A production-ready web application for real-time speech translation powered by Soniox AI. Speak naturally and see instant translations with intelligent voice activity detection.

TransLang's intuitive interface with multi-language support, voice activity detection, and real-time translation display

Features

Real-time Translation: Spoken language to target language with sub-500ms latency
Natural Sentence Display: Complete sentences instead of fragmented pieces
Speaker Diarization: Multi-speaker support with automatic speaker tracking and labeling
Voice Activity Detection: Automatic finalization during speech pauses
Intelligent Buffering: Smart sentence boundary detection for natural reading experience
Live Updates: Watch translations appear as you speak
Dual Display: View both translated and original text with speaker labels
Smart Token Processing: Clean transcripts with deduplication
Configurable Sensitivity: Adjustable silence detection thresholds
Modern UI: Large, readable text with auto-scroll and color coding

Installation

Prerequisites:

Node.js 18 or higher
Soniox API key (sign up here)
Modern browser with microphone support (Chrome, Firefox, Edge, Safari)

# Clone repository
git clone <your-repo-url>
cd translang-real_time_speech_to_translated_transcription_app

# Install dependencies
npm install

# Configure environment
cp .env.local.example .env.local
# Edit .env.local and add: SONIOX_SECRET_KEY=your_api_key_here

# Start development server
npm run dev

# Open http://localhost:3000

Usage

Grant microphone permission when prompted by your browser
Configure Voice Activity Detection (optional):
- Toggle VAD on/off
- Adjust silence threshold: 300ms (fast) to 2000ms (slow)
- Default: 800ms (recommended for natural speech)
Configure Sentence Mode (optional):
- Toggle Sentence Mode on/off (default: OFF for fastest display)
- Adjust sentence hold time: 300ms (fast) to 900ms (slow)
- Default: 600ms (balances readability with speed)
Start Translation and speak in German
View results:
- Green boxes: Final translations (confirmed)
- Blue italic text: Live translations (updating)
- Yellow boxes: Original German text (toggle to show/hide)
Stop to end session gracefully or Cancel for immediate termination

Tech Stack

Framework: Next.js 14 with App Router
Language: TypeScript 5
UI: React 18
Speech Recognition: Soniox Speech-to-Text API
Voice Activity Detection: @echogarden/fvad-wasm
Audio Processing: Web Audio API, MediaStream

Architecture

The application processes audio through parallel pipelines:

Audio Capture: Browser MediaStream API with optimized settings (16kHz, mono, noise suppression)
Translation Stream: Soniox WebSocket connection for real-time speech-to-text and translation
Voice Activity Detection: Parallel VAD processing for silence detection and auto-finalization
Sentence Stitching: Optional intelligent buffering to create complete sentences (configurable hold times)
Token Processing: Custom parser distinguishes between partial and final translation tokens
UI Rendering: React components with auto-scroll and color-coded display

How it looks

Available Scripts

Command	Description
`npm run dev`	Start development server
`npm run build`	Build for production
`npm run start`	Start production server
`npm run lint`	Run ESLint

Configuration

Environment Variables

Create a .env.local file:

SONIOX_SECRET_KEY=your_soniox_api_key_here

Cloud Deployment (AWS)

TransLang can be deployed to AWS using Docker, ECR, and ECS Fargate.
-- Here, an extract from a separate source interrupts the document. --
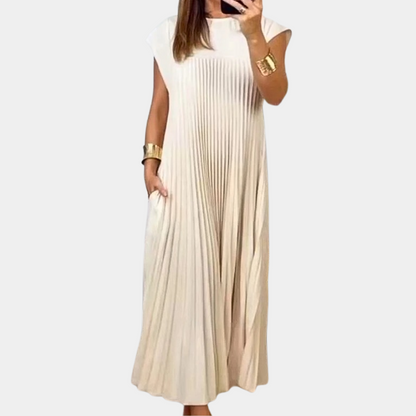 Robe Plissée Élégante pour Femmes | Confort et Style pour Toutes Occasions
See the deployment/ directory for complete guides:

deployment/QUICK-START.md - Deploy in 30 minutes
deployment/AWS-DEPLOYMENT-GUIDE.md - Comprehensive guide
deployment/AWS-ARCHITECTURE.md - Infrastructure details
deployment/MONITORING.md - Operations and monitoring

Estimated AWS cost: $11-33/month

Performance

Latency: 100-500ms end-to-end
Memory: ~50-80MB including VAD
CPU: Less than 10% average
Network: Continuous WebSocket (low bandwidth)

Security

API keys stored server-side only
Temporary keys generated for client use
No sensitive data exposed to browser
Secure WebSocket connections
No conversation data persistence

Browser Compatibility

Browser	Support
Chrome	Recommended
Edge	Full support
Firefox	Full support
Safari	Supported

Requires WebRTC, MediaStream API, and Web Audio API support.

Audio Settings

Configured for optimal speech recognition:

Sample rate: 16kHz
Channels: Mono
Echo cancellation: Enabled
Noise suppression: Enabled
Auto gain control: Enabled

Project Structure

├── app/
│   ├── api/soniox-temp-key/    # Secure API key generation
│   ├── globals.css              # Styles and animations
│   ├── layout.tsx               # Root layout
│   └── page.tsx                 # Main page
├── components/
│   ├── TranscriptDisplay.tsx    # Translation display
│   ├── TranslatorControls.tsx   # Control panel
│   ├── VADSettings.tsx          # VAD configuration
│   └── SentenceSettings.tsx     # Sentence mode configuration
├── hooks/
│   └── useTranslator.ts         # Translation state management
├── utils/
│   ├── tokenParser.ts           # Token processing
│   ├── vadManager.ts            # VAD wrapper
│   ├── keepaliveManager.ts      # Connection keepalive
│   └── sentenceStitcher.ts      # Sentence stitching logic
├── types/
│   └── soniox.ts                # TypeScript definitions
└── deployment/                  # AWS deployment guides

Troubleshooting

Microphone not working

Check browser permissions in address bar
Ensure microphone isn't used by another application
Verify system microphone settings

No translations appearing

Verify SONIOX_SECRET_KEY in .env.local
Restart development server after environment changes
Check browser console for errors
Confirm API key is valid and active

High latency

Check internet connection speed
Close unnecessary browser tabs
Disable browser extensions temporarily

VAD not detecting pauses

Ensure VAD toggle is enabled
Adjust silence threshold (try 800ms default)
Speak clearly with natural pauses

License

MIT License - see LICENSE file for details.

Acknowledgments

Soniox for speech-to-text and translation API
@echogarden/fvad-wasm for voice activity detection
Next.js and TypeScript communities

TransLang - Breaking language barriers in real-time

Name		Name	Last commit message	Last commit date
Latest commit History 35 Commits
app		app
assets		assets
components		components
deployment		deployment
hooks		hooks
types		types
utils		utils
.dockerignore		.dockerignore
.env.local.example		.env.local.example
.eslintrc.json		.eslintrc.json
.gitignore		.gitignore
Dockerfile		Dockerfile
LICENSE		LICENSE
README.md		README.md
next.config.js		next.config.js
package-lock.json		package-lock.json
package.json		package.json
tsconfig.json		tsconfig.json

Provide feedback

Saved searches

Use saved searches to filter your results more quickly

Repository files navigation

TransLang - Real-Time Speech Translation

Features

Installation

Prerequisites:

Usage

Tech Stack

Architecture

How it looks

Available Scripts

Configuration

Environment Variables

Cloud Deployment (AWS)

Performance

Security

Browser Compatibility

Audio Settings

Project Structure

Troubleshooting

License

Acknowledgments

About

Uh oh!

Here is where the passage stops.